Mais on trouve parsemé quelque chose de plus révélateur de l’expérience des esclaves qu’un nom de famille : des témoignages de la brutalité infligée par les surveillants des plantations. « Ils l’ont pris et lui ont donné 100 coups de fouet avec le chat à quatre-vingt-dix-neuf queues », a écrit Dora Franks à propos de son oncle Alf, dont le crime était un rendez-vous romantique hors de la propriété une nuit. « Son dos était dans un sale état, mais ils l’ont mis au travail dans les champs pendant que le sang coulait encore. » Une autre histoire se termine par une seule phrase terrifiante : « Ils l’ont enterré vivant ! » Alors que la visite passe devant d’énormes bouilloires à sucre en bronze, les quartiers des esclaves et les cuisines, le récit de la persécution est une vague implacable de statistiques nauséabondes. Quelque 2 200 enfants sont morts en esclavage dans la paroisse d’origine de la plantation entre 1820 et 1860 ; la mortalité infantile était grotesquement courante. Une centaine d’esclaves étaient obligés de travailler 24 heures sur 24 pendant la courte saison de la récolte d’automne pour faire fonctionner les énormes bouilloires à sucre. Les esclaves travaillant dans l’obscurité subissaient régulièrement des brûlures au troisième degré et perdaient des membres, mais cela mettait rarement fin à leur servitude. Les amputations sont fréquentes et les punitions par le fouet courantes. Une visite de la Big House – qualifiée à une époque de « l’une des plus intéressantes de tout le Sud » par le ministère de l’Intérieur – révèle une architecture et un design incroyables, notamment de rares peintures murales de l’artiste italien Domenico Canova. Mais l’élégant portique avant regarde vers la rivière, tournant le dos au défilé quotidien de torture et de terreur à quelques pas de la porte arrière.

cabines d'esclaves et bouilloires à sucre
Plantation Whitney, cabines d’esclaves et bouilloires à sucre (Elsa Hahne)
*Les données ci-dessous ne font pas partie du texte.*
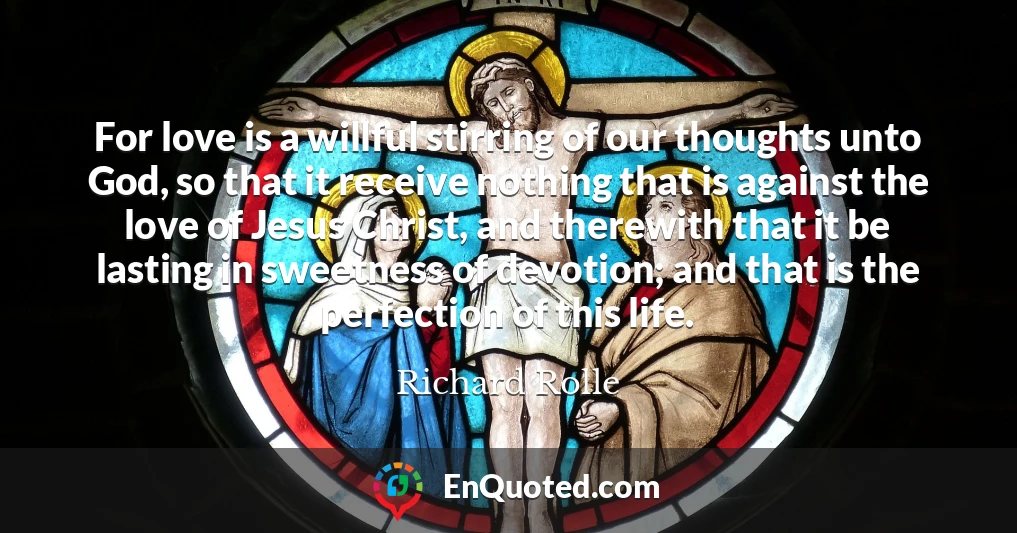 For love is a willful stirring of our thoughts unto God, so that it receive nothing that is against the love of Jesus Christ, and therewith that it be lasting in sweetness of devotion; and that is the perfection of this life.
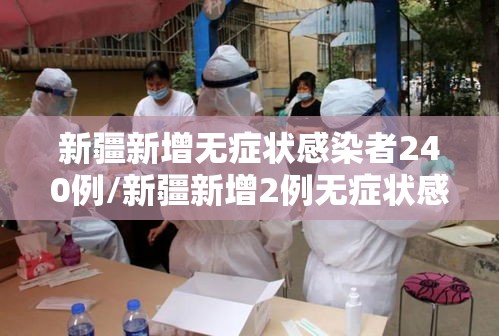 新疆新增无症状感染者240例/新疆新增2例无症状感染者行动轨迹 新疆新增无症状感染者240例/新疆新增2例无症状感染者行动轨迹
Le musée Whitney a structuré toute sa pédagogie autour de l’expérience guidée. Elle se termine par un rappel que les injustices raciales du 19e siècle n’ont pas simplement disparu avec la proclamation d’émancipation. Le guide décrit l’excitation qu’ont ressentie les conservateurs lorsqu’ils ont pris possession de la Grande Maison pour la première fois et qu’ils ont trouvé des piles de documents bien conservés sur le système de l’après-guerre civile, un cousin à bas salaire du système de métayage exploiteur, de dans lequel le coût de l’activité est toujours resté mystérieusement en avance sur les revenus des fermiers.

Selon Rogers, cette nouvelle approche d’un aspect longtemps romancé de l’histoire du Sud a un impact. La plantation Whitney a accueilli 34 000 visiteurs au cours de sa première année – près du double de l’affluence attendue, même si les chiffres de fréquentation restent inférieurs à ceux d’autres plantations plus établies – et le musée a découvert un public croissant parmi les écoles et, surtout, les touristes afro-américains, pour une histoire non aseptisée. Et M. Rogers pense qu’ils ont un impact en dehors du public du Whitney. « D’autres musées changent leur façon de faire les choses », dit Rogers. « Les plantations mentionnent maintenant les esclaves et l’esclavage de manière plus explicite dans leurs listes. »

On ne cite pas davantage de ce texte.